Os documentos hoje entregues na Procuradoria Geral da República pela Federação Nacional dos Professores sobre a segunda bolsa de recrutamento docente vão ser enviados para o Departamento de Investigação e Acção Penal, disse o dirigente Mário Nogueira.

"A resposta do senhor procurador é que os vai analisar cuidadosamente e enviar para o Departamento de Investigação e Acção Penal" (DIAP), revelou aos jornalistas o secretário-geral da FENPROF, no final da reunião com o procurador geral da República, Pinto Monteiro, para denunciar alegados indícios de manipulação de dados durante o concurso destinado à colocação de professores, em Setembro.

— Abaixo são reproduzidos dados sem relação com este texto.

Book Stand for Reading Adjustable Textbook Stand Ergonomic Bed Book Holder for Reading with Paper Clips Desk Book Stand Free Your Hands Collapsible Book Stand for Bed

Em causa estão declarações de escolas de todo o país, em que os próprios directores assumem as dificuldades em colocar pedidos de horários anuais na plataforma eletrónica que, durante perto de uma semana, apenas assumia contratos mensais.

"São documentos de escolas em que facilmente se constata que, durante a segunda bolsa de recrutamento essencialmente, em alguns dias não foi possível descarregar horários anuais, o que distorceu os resultados do concurso", defendeu Nogueira, citando vários casos de professores com nove e 10 anos de serviço que ficaram excluídos no concurso público por alegadas irregularidades.

Para Mário Nogueira há "indícios fortíssimos que fazem crer que houve uma manipulação da aplicação, possivelmente para poupar um mês de salário".

A FENPROF tem na sexta-feira de manhã uma reunião com os deputados da comissão de Educação da Assembleia da República (AR), em que vai "provar que o Ministério da Educação não falou verdade, há dias, sobre esta matéria", no Parlamento, garantiu Mário Nogueira.

A organização sindical tenciona também pedir na AR a constituição de uma comissão de inquérito.